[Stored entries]
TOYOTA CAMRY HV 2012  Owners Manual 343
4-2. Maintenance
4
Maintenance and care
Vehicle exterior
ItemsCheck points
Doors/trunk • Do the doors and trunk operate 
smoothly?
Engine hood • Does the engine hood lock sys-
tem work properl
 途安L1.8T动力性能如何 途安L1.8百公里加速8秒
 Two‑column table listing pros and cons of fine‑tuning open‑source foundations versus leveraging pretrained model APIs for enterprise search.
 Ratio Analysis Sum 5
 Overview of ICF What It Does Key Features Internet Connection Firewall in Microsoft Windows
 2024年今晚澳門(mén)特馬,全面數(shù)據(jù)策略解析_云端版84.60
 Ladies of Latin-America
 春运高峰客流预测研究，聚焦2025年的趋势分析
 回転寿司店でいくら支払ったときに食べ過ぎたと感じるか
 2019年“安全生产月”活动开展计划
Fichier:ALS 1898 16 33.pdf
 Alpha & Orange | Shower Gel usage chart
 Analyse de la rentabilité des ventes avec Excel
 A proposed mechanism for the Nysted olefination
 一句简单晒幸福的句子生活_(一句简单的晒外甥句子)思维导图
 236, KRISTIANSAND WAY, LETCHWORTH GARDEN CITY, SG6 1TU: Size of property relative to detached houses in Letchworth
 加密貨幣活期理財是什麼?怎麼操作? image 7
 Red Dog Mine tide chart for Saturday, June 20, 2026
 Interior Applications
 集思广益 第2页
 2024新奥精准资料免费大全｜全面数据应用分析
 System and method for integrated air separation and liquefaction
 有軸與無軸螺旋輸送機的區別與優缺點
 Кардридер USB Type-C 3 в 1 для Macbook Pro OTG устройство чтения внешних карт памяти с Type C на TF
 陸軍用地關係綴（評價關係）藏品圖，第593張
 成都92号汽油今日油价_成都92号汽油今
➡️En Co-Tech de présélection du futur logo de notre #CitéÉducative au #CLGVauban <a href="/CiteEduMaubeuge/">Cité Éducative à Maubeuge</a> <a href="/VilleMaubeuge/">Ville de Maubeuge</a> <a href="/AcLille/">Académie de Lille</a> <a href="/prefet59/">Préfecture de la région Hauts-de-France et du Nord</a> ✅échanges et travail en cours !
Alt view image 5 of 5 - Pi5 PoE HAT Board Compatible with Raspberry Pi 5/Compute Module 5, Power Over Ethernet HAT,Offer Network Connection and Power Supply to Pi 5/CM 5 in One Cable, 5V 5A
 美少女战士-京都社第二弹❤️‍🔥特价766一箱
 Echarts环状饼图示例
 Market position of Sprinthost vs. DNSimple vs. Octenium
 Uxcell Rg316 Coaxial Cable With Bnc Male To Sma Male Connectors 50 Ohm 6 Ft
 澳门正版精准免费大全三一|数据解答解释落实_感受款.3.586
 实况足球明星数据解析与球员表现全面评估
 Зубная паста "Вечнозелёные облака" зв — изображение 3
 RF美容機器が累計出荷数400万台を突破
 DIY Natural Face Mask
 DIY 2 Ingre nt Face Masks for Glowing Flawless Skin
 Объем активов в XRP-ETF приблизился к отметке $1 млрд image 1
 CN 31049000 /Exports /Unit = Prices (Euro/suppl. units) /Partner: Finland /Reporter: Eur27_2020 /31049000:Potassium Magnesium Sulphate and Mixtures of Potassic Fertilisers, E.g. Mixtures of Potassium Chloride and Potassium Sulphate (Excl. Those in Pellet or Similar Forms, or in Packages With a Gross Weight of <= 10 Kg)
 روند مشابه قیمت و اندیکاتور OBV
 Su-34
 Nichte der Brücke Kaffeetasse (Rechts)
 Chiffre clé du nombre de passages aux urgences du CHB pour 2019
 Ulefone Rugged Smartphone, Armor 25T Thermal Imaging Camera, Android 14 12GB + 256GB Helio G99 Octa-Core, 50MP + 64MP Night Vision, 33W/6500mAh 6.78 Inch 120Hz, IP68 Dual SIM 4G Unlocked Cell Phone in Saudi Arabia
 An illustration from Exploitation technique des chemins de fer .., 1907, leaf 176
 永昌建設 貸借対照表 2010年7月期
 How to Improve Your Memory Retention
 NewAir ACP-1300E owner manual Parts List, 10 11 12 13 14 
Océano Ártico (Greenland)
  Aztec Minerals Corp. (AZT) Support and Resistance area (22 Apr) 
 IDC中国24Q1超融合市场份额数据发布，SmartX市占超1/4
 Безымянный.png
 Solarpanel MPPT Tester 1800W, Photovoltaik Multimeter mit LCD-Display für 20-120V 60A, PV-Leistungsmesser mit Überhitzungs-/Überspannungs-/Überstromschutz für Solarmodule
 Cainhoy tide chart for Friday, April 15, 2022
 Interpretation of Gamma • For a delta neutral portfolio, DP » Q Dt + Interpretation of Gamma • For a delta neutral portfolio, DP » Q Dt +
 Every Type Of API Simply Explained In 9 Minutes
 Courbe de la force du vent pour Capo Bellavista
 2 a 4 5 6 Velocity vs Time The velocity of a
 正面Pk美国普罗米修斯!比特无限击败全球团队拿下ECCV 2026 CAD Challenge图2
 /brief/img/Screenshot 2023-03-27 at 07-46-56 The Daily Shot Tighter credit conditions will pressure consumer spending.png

Task objective
Each entry above is to be transcribed exactly as it was written.

Exercise solution
TOYOTA CAMRY HV 2012  Owners Manual 343
4-2. Maintenance
4
Maintenance and care
Vehicle exterior
ItemsCheck points
Doors/trunk • Do the doors and trunk operate 
smoothly?
Engine hood • Does the engine hood lock sys-
tem work properl
 途安L1.8T动力性能如何 途安L1.8百公里加速8秒
 Two‑column table listing pros and cons of fine‑tuning open‑source foundations versus leveraging pretrained model APIs for enterprise search.
 Ratio Analysis Sum 5
 Overview of ICF What It Does Key Features Internet Connection Firewall in Microsoft Windows
 2024年今晚澳門(mén)特馬,全面數(shù)據(jù)策略解析_云端版84.60
 Ladies of Latin-America
 春运高峰客流预测研究，聚焦2025年的趋势分析
 回転寿司店でいくら支払ったときに食べ過ぎたと感じるか
 2019年“安全生产月”活动开展计划
Fichier:ALS 1898 16 33.pdf
 Alpha & Orange | Shower Gel usage chart
 Analyse de la rentabilité des ventes avec Excel
 A proposed mechanism for the Nysted olefination
 一句简单晒幸福的句子生活_(一句简单的晒外甥句子)思维导图
 236, KRISTIANSAND WAY, LETCHWORTH GARDEN CITY, SG6 1TU: Size of property relative to detached houses in Letchworth
 加密貨幣活期理財是什麼?怎麼操作? image 7
 Red Dog Mine tide chart for Saturday, June 20, 2026
 Interior Applications
 集思广益 第2页
 2024新奥精准资料免费大全｜全面数据应用分析
 System and method for integrated air separation and liquefaction
 有軸與無軸螺旋輸送機的區別與優缺點
 Кардридер USB Type-C 3 в 1 для Macbook Pro OTG устройство чтения внешних карт памяти с Type C на TF
 陸軍用地關係綴（評價關係）藏品圖，第593張
 成都92号汽油今日油价_成都92号汽油今
➡️En Co-Tech de présélection du futur logo de notre #CitéÉducative au #CLGVauban <a href="/CiteEduMaubeuge/">Cité Éducative à Maubeuge</a> <a href="/VilleMaubeuge/">Ville de Maubeuge</a> <a href="/AcLille/">Académie de Lille</a> <a href="/prefet59/">Préfecture de la région Hauts-de-France et du Nord</a> ✅échanges et travail en cours !
Alt view image 5 of 5 - Pi5 PoE HAT Board Compatible with Raspberry Pi 5/Compute Module 5, Power Over Ethernet HAT,Offer Network Connection and Power Supply to Pi 5/CM 5 in One Cable, 5V 5A
 美少女战士-京都社第二弹❤️‍🔥特价766一箱
 Echarts环状饼图示例
 Market position of Sprinthost vs. DNSimple vs. Octenium
 Uxcell Rg316 Coaxial Cable With Bnc Male To Sma Male Connectors 50 Ohm 6 Ft
 澳门正版精准免费大全三一|数据解答解释落实_感受款.3.586
 实况足球明星数据解析与球员表现全面评估
 Зубная паста "Вечнозелёные облака" зв — изображение 3
 RF美容機器が累計出荷数400万台を突破
 DIY Natural Face Mask
 DIY 2 Ingre nt Face Masks for Glowing Flawless Skin
 Объем активов в XRP-ETF приблизился к отметке $1 млрд image 1
 CN 31049000 /Exports /Unit = Prices (Euro/suppl. units) /Partner: Finland /Reporter: Eur27_2020 /31049000:Potassium Magnesium Sulphate and Mixtures of Potassic Fertilisers, E.g. Mixtures of Potassium Chloride and Potassium Sulphate (Excl. Those in Pellet or Similar Forms, or in Packages With a Gross Weight of <= 10 Kg)
 روند مشابه قیمت و اندیکاتور OBV
 Su-34
 Nichte der Brücke Kaffeetasse (Rechts)
 Chiffre clé du nombre de passages aux urgences du CHB pour 2019
 Ulefone Rugged Smartphone, Armor 25T Thermal Imaging Camera, Android 14 12GB + 256GB Helio G99 Octa-Core, 50MP + 64MP Night Vision, 33W/6500mAh 6.78 Inch 120Hz, IP68 Dual SIM 4G Unlocked Cell Phone in Saudi Arabia
 An illustration from Exploitation technique des chemins de fer .., 1907, leaf 176
 永昌建設 貸借対照表 2010年7月期
 How to Improve Your Memory Retention
 NewAir ACP-1300E owner manual Parts List, 10 11 12 13 14 
Océano Ártico (Greenland)
  Aztec Minerals Corp. (AZT) Support and Resistance area (22 Apr) 
 IDC中国24Q1超融合市场份额数据发布，SmartX市占超1/4
 Безымянный.png
 Solarpanel MPPT Tester 1800W, Photovoltaik Multimeter mit LCD-Display für 20-120V 60A, PV-Leistungsmesser mit Überhitzungs-/Überspannungs-/Überstromschutz für Solarmodule
 Cainhoy tide chart for Friday, April 15, 2022
 Interpretation of Gamma • For a delta neutral portfolio, DP » Q Dt + Interpretation of Gamma • For a delta neutral portfolio, DP » Q Dt +
 Every Type Of API Simply Explained In 9 Minutes
 Courbe de la force du vent pour Capo Bellavista
 2 a 4 5 6 Velocity vs Time The velocity of a
 正面Pk美国普罗米修斯!比特无限击败全球团队拿下ECCV 2026 CAD Challenge图2
 /brief/img/Screenshot 2023-03-27 at 07-46-56 The Daily Shot Tighter credit conditions will pressure consumer spending.png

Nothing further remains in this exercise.